TASK REQUIREMENTS
Print out the data precisely as it appears here, with no pictures.

DATASET SECTION
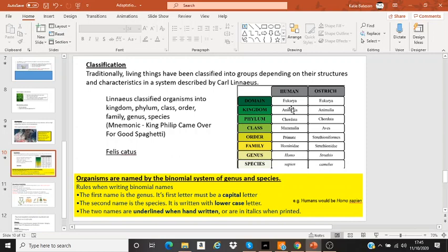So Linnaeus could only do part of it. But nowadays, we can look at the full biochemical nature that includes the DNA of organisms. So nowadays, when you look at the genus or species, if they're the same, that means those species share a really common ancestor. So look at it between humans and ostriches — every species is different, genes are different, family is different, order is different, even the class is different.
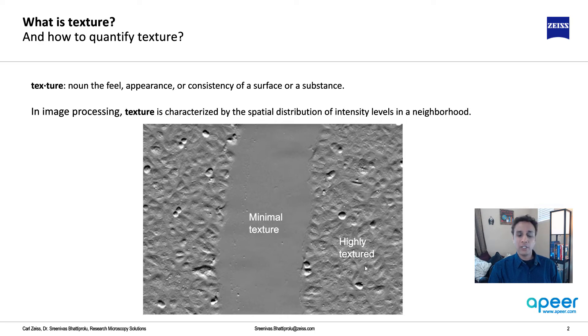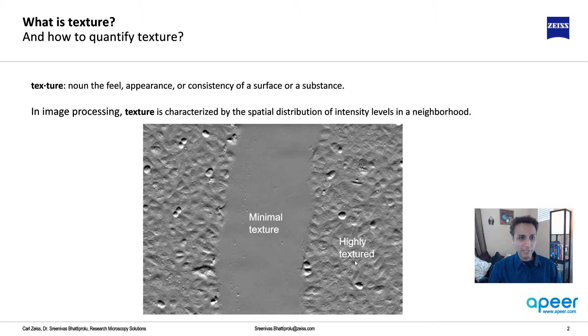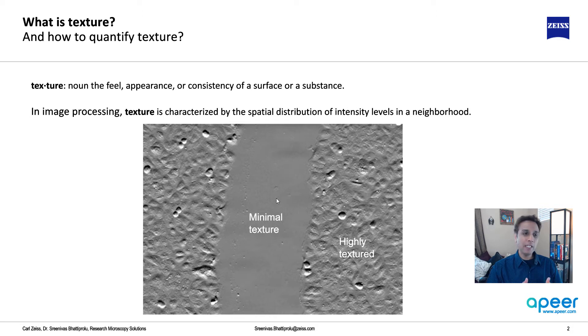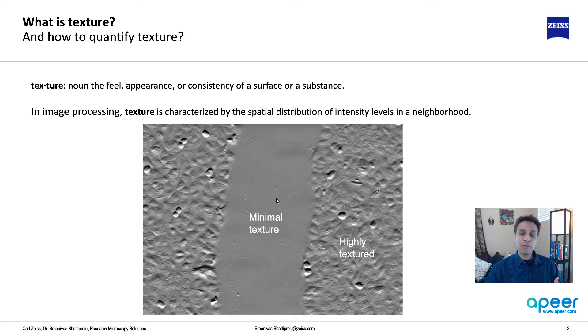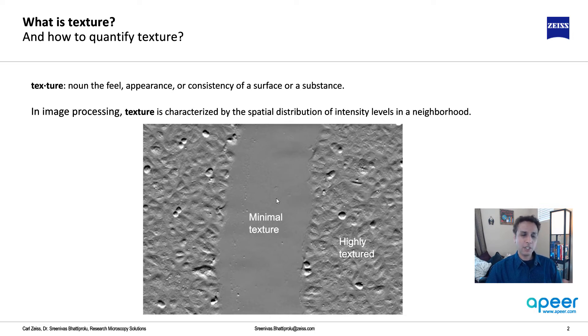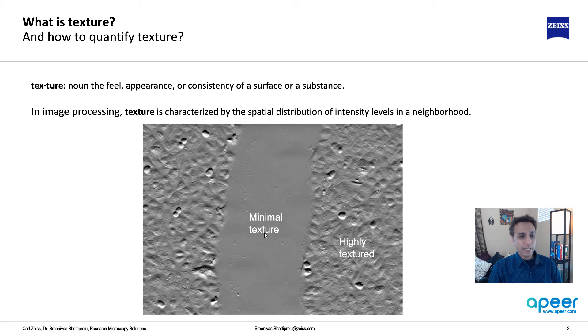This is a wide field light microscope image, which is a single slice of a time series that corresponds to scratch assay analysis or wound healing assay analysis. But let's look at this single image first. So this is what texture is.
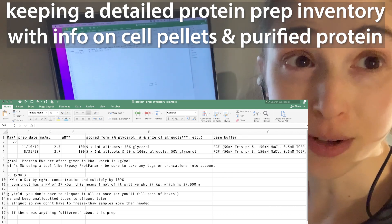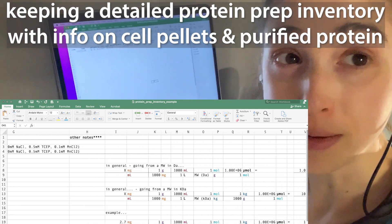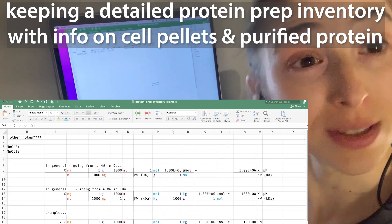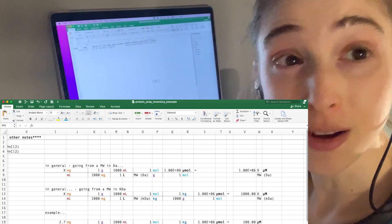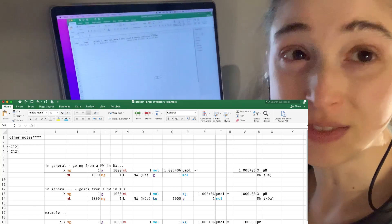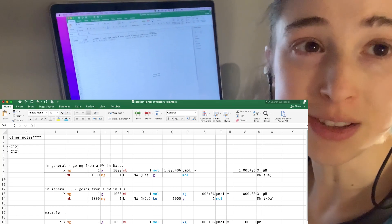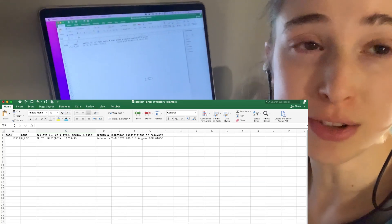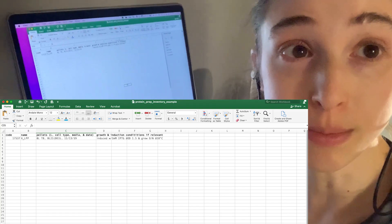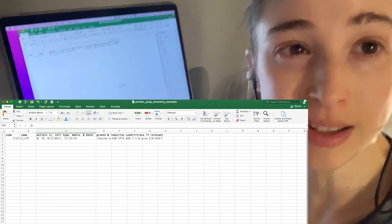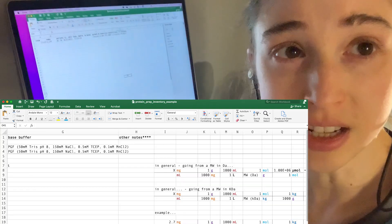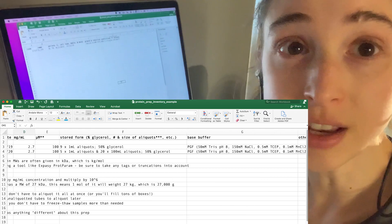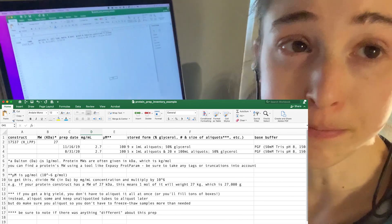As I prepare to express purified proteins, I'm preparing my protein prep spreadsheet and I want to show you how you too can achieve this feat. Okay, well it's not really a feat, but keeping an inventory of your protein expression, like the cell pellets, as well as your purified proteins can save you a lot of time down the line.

FINISHED EXERCISE
So Linnaeus could only do part of it. But nowadays, we can look at the full biochemical nature that includes the DNA of organisms. So nowadays, when you look at the genus or species, if they're the same, that means those species share a really common ancestor. So look at it between humans and ostriches — every species is different, genes are different, family is different, order is different, even the class is different.
This is a wide field light microscope image, which is a single slice of a time series that corresponds to scratch assay analysis or wound healing assay analysis. But let's look at this single image first. So this is what texture is.
As I prepare to express purified proteins, I'm preparing my protein prep spreadsheet and I want to show you how you too can achieve this feat. Okay, well it's not really a feat, but keeping an inventory of your protein expression, like the cell pellets, as well as your purified proteins can save you a lot of time down the line.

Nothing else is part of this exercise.